**Provided entries**
● ● ● ●

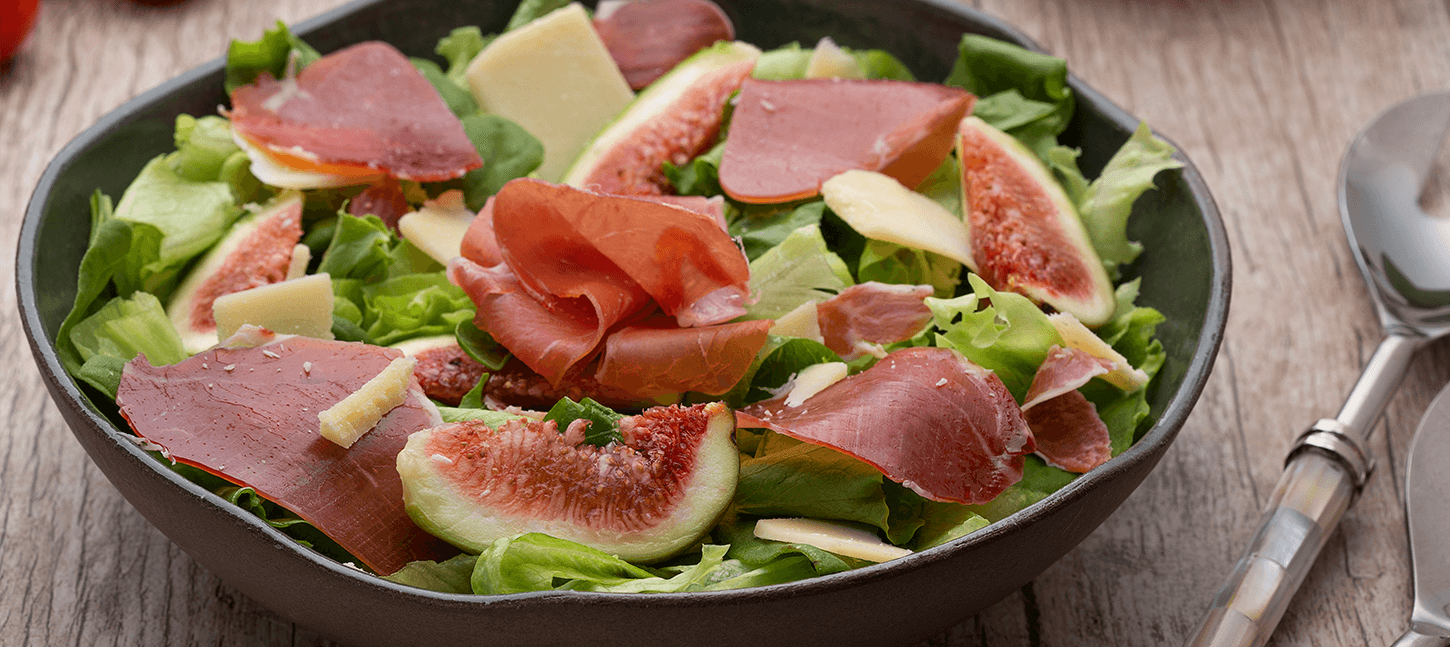 Salada com Presunto Cru Espanhol Ceratti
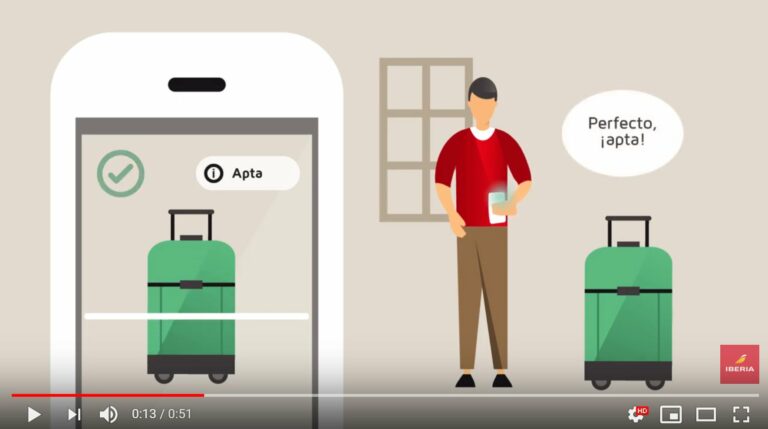 App da Iberia já verifica se bagagem tem as dimensões permitidas
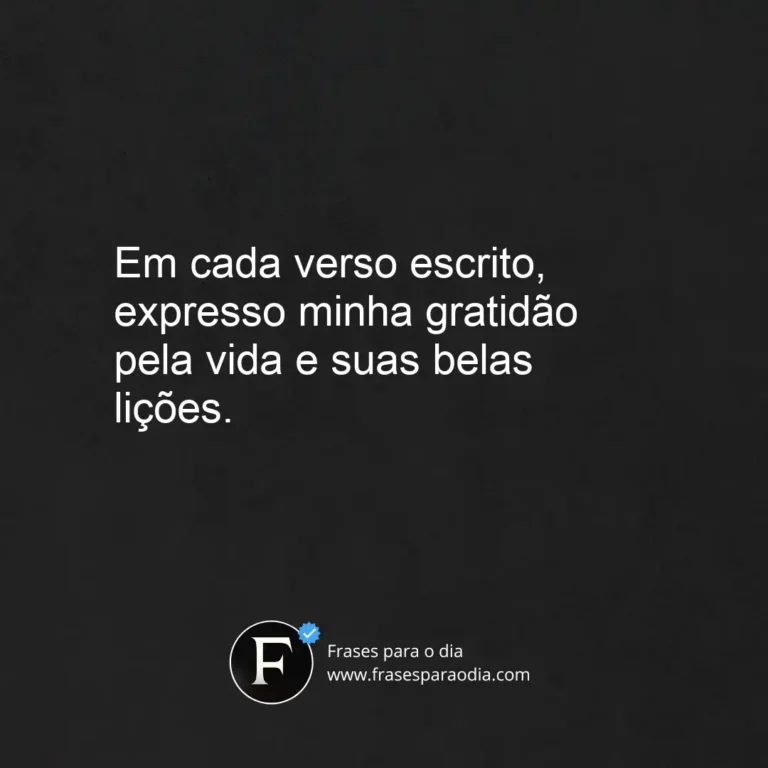 Frases de poemas de gratidão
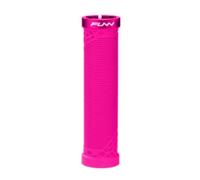 Funn Hilt Mountain Bike Handlebar Grips With Single Lock On Clamp, Lightweight And Ergonomic Bicycle Handlebar Grips with 22 mm Inner Diameter, Unique Patterned Bicycle Grips For MTB/BMX (Pink)
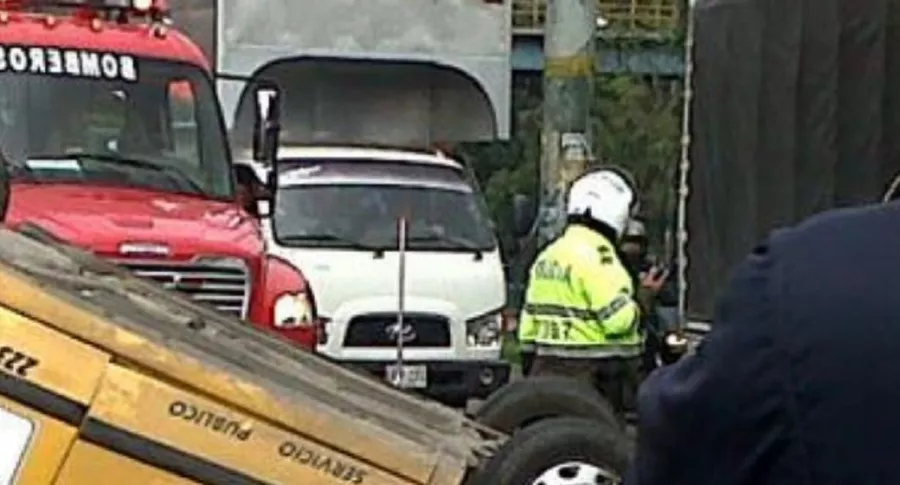 Accidente de taxi en Bogotá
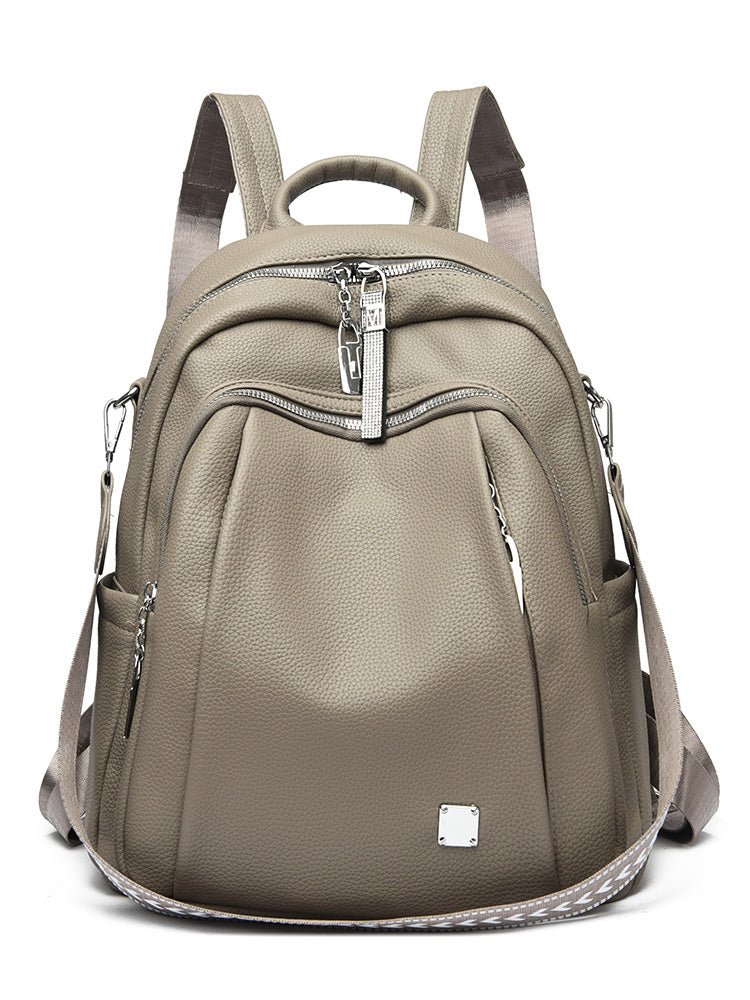 👜Puha bőr hátizsák/válltáska nőknek, sokoldalú, stílusos és nagy kapacitású utazótáska✨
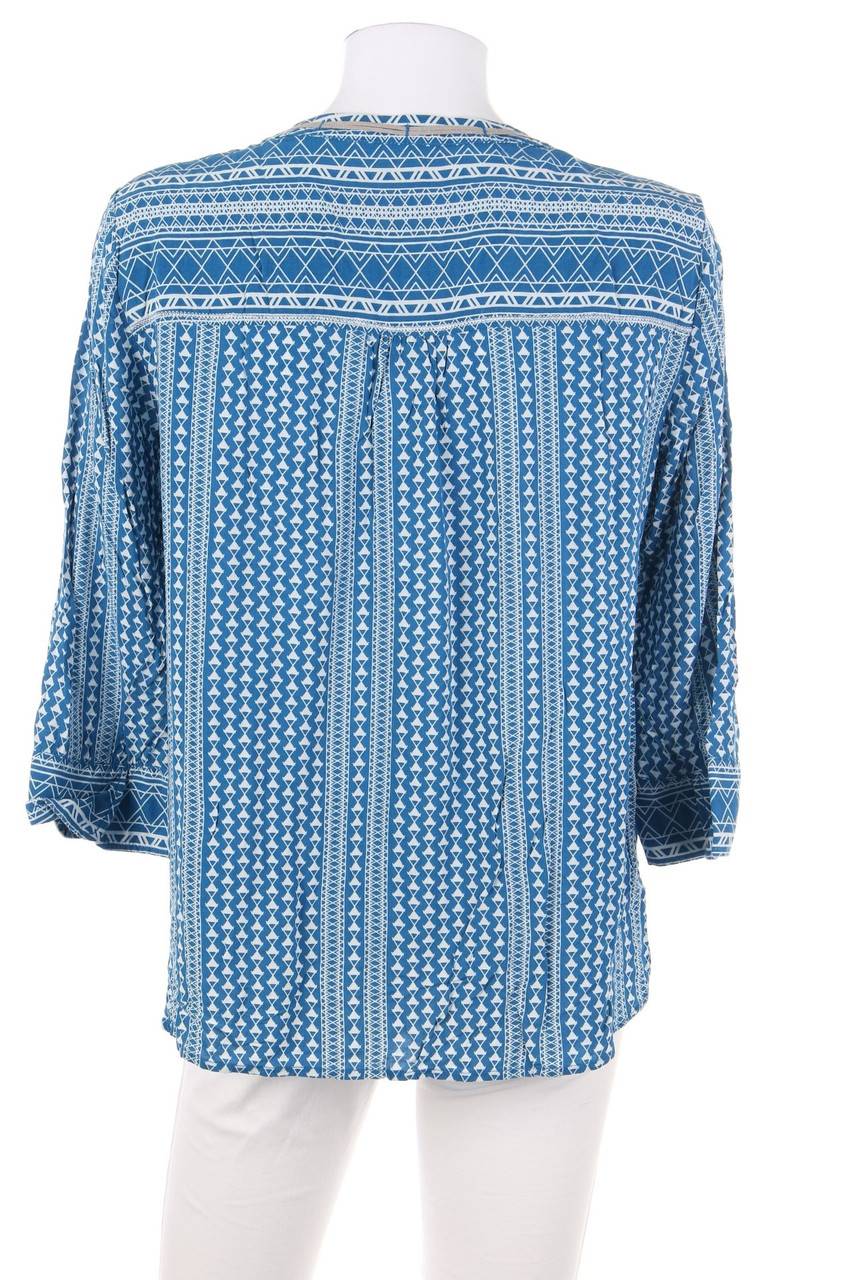 Carou CECIL Bluse mit geometrischem Muster aus Viskose im Angebot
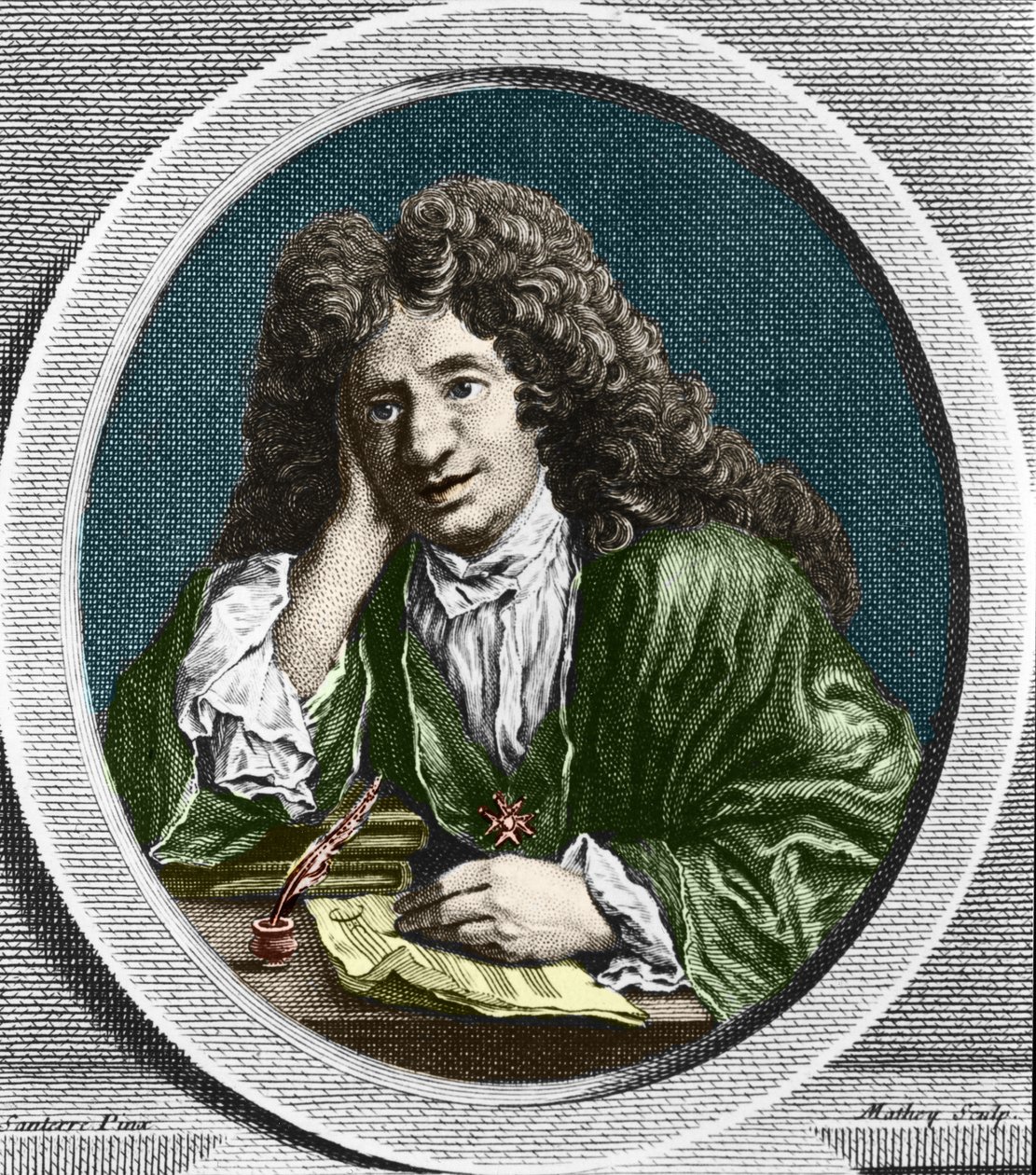 صورة لريتشارد ديالاند ، المشرف على موسيقى الملك ؛ ب. 15 ديسمبر 1657 في باريس ؛ د. 18 يناير 1726. بواسطة فنان غير معروف
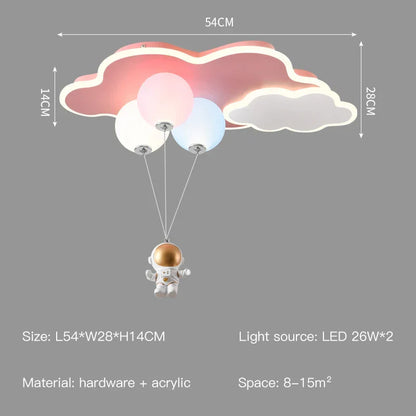 ™ Kids Cloud/Aircraft Chandelier with Remote Control - Interior Lighting Solution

● ● ● ●

**Exercise prompt**
What is needed is an exact copy of the lines from the start of the records through the line containing "Carou CECIL Bluse", with no pictures.

**Response area**
 Salada com Presunto Cru Espanhol Ceratti
 App da Iberia já verifica se bagagem tem as dimensões permitidas
 Frases de poemas de gratidão
 Funn Hilt Mountain Bike Handlebar Grips With Single Lock On Clamp, Lightweight And Ergonomic Bicycle Handlebar Grips with 22 mm Inner Diameter, Unique Patterned Bicycle Grips For MTB/BMX (Pink)
 Accidente de taxi en Bogotá
 👜Puha bőr hátizsák/válltáska nőknek, sokoldalú, stílusos és nagy kapacitású utazótáska✨
 Carou CECIL Bluse mit geometrischem Muster aus Viskose im Angebot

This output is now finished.